Nueva York.- La ONU decidió seguir adelante con la suspensión de las
operaciones de los observadores en Siria ante la continuación de la violencia
en el país árabe, dijo este martes al Consejo de Seguridad el subsecretario
general para Operaciones de Paz de Naciones Unidas, Hervé Ladsous.
El jefe de los “cascos azules” aseguró que las
condiciones sobre el terreno son todavía “demasiado peligrosas” para
los militares desarmados que integran la Misión de Supervisión de Naciones
Unidas en Siria (UNSMIS), indicaron fuentes diplomáticas del Consejo,
reunido a puerta cerrada para analizar la situación en Siria.

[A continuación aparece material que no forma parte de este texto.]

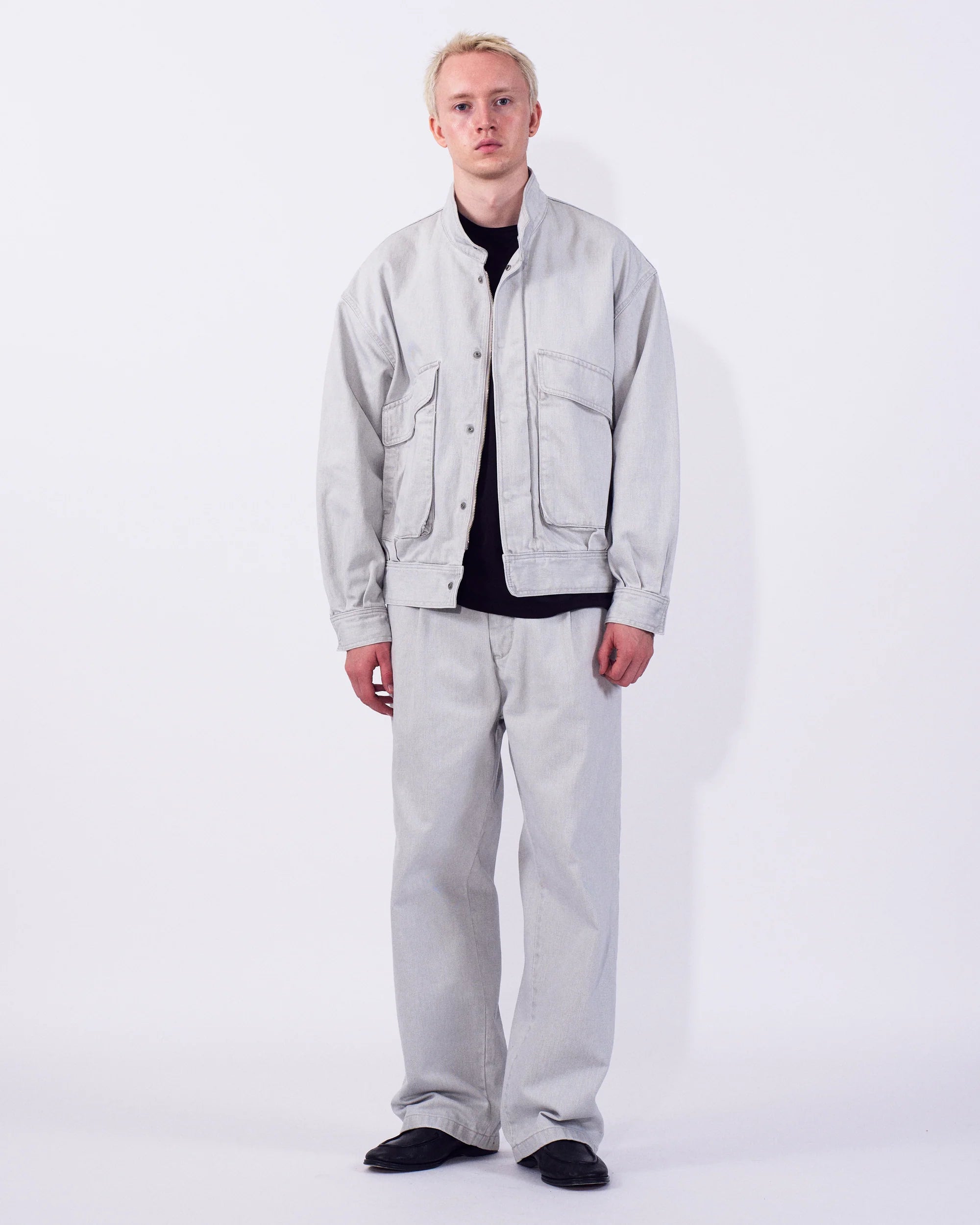 GRAYSH WHITE SURFACE DYED DENIM STAND COLLAR BLOUSON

Ladsous transmitió al Consejo de Seguridad que las
condiciones actuales, en las que impera el aumento de los enfrentamientos entre
la oposición y las fuerzas del Gobierno de Bachar al Assad, no son propicias
para reanudar las operaciones de los observadores, suspendidas el pasado 16 de
junio.
Las mismas fuentes precisaron que el francés aseguró que los
300 observadores que la ONU llevó a Siria acusan además de la violencia la
falta de cooperación de Damasco en asuntos técnicos relacionado con las
telecomunicaciones y ahora centra sus esfuerzos en ayudar a las organizaciones
humanitarias que trabajan en el país.
El jefe de la UNSMIS, el general noruego Robert Mood,
suspendió el 16 de junio las operaciones de los observadores ante el incremento
de la violencia armada en Siria, donde la escalada de la violencia limitaba su
“capacidad para observar, verificar e informar, así como para apoyar el
diálogo local y los proyectos de estabilidad”, según dijo entonces.

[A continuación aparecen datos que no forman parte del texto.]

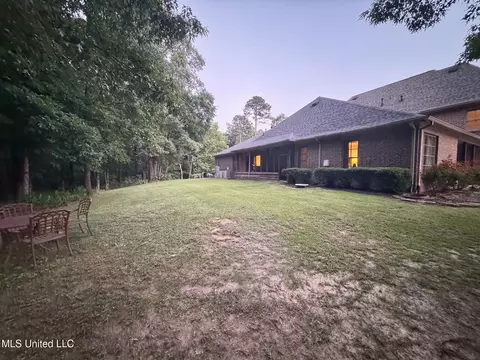 Exterior - 171 Brookstone Way, Madison, MS 39110 photo 11 of 11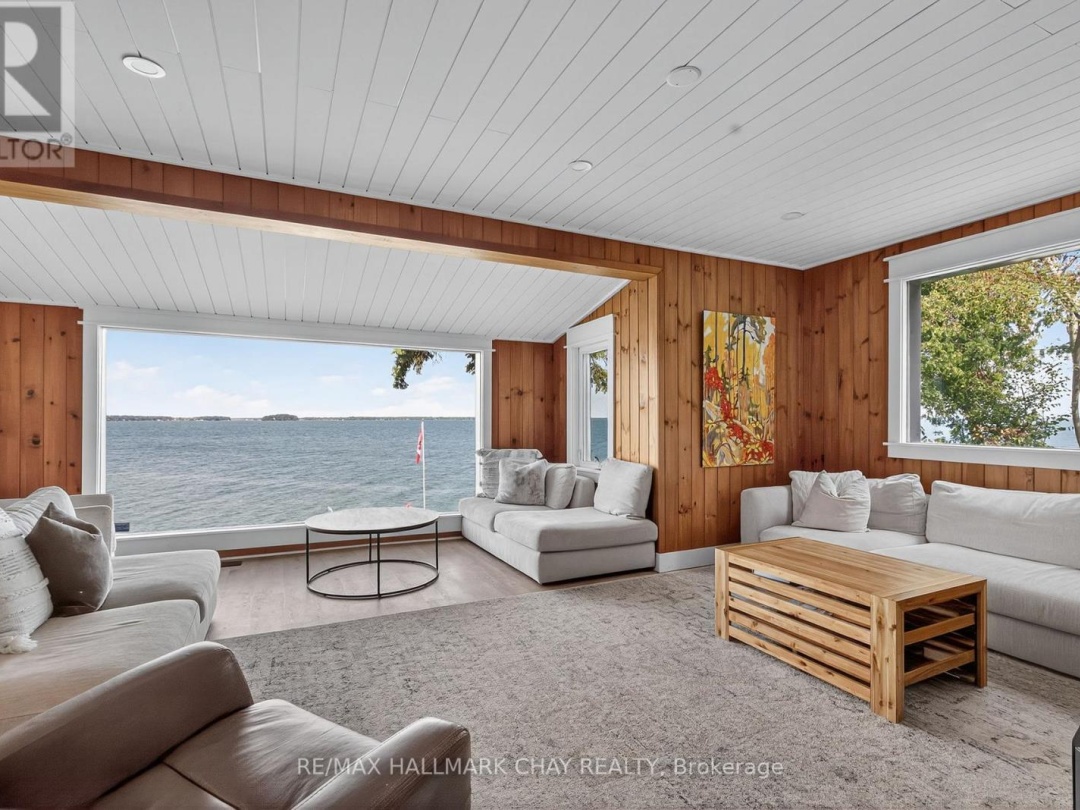 43 MOON POINT DRIVE,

Ladsous participa este martes en una reunión a puerta
cerrada con los miembros del Consejo de Seguridad, en las que participa también
mediante videoconferencia el ex ministro de Exteriores palestino Naser Qudua,
adjunto al enviado especial para Siria, Kofi Annan, quien trata de salvar el
plan de paz diseñado para el país.
La atención se centra también en la posible celebración el
30 de junio en Ginebra de una conferencia sobre Siria auspiciada por Annan y a
la que Rusia ya ha anunciado que asistirá.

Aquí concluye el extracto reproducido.